■ REQUIRED WORK
Starting with the first line and ending with the one that holds "Newborn name swaddle", retype the entries exactly.

**** PROVIDED DATA ****

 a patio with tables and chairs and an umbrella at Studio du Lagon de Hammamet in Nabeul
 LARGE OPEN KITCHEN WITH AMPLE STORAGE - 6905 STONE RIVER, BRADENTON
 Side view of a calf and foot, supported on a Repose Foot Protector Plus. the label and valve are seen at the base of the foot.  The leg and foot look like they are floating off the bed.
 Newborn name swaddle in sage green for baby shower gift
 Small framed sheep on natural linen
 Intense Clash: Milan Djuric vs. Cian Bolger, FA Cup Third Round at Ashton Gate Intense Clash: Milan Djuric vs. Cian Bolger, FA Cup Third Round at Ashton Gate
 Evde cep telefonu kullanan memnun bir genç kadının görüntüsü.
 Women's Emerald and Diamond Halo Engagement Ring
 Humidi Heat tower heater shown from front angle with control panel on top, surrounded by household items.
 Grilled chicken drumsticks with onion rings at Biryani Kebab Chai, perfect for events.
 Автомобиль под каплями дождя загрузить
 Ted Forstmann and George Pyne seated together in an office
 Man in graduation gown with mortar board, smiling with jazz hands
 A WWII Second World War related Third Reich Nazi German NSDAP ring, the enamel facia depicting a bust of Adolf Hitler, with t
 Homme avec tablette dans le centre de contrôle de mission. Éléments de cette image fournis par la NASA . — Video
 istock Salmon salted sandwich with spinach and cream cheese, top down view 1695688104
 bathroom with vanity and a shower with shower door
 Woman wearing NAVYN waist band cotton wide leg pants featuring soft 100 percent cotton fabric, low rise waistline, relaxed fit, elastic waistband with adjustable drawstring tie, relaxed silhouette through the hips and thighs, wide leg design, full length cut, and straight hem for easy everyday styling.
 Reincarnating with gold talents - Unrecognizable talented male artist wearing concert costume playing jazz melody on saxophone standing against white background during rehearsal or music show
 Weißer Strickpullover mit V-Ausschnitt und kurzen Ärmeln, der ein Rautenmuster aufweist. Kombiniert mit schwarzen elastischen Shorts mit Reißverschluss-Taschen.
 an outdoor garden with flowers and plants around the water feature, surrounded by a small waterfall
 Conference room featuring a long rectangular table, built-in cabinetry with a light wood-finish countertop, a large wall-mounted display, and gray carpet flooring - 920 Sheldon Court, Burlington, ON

****

■ EXERCISE RESPONSE
 a patio with tables and chairs and an umbrella at Studio du Lagon de Hammamet in Nabeul
 LARGE OPEN KITCHEN WITH AMPLE STORAGE - 6905 STONE RIVER, BRADENTON
 Side view of a calf and foot, supported on a Repose Foot Protector Plus. the label and valve are seen at the base of the foot.  The leg and foot look like they are floating off the bed.
 Newborn name swaddle in sage green for baby shower gift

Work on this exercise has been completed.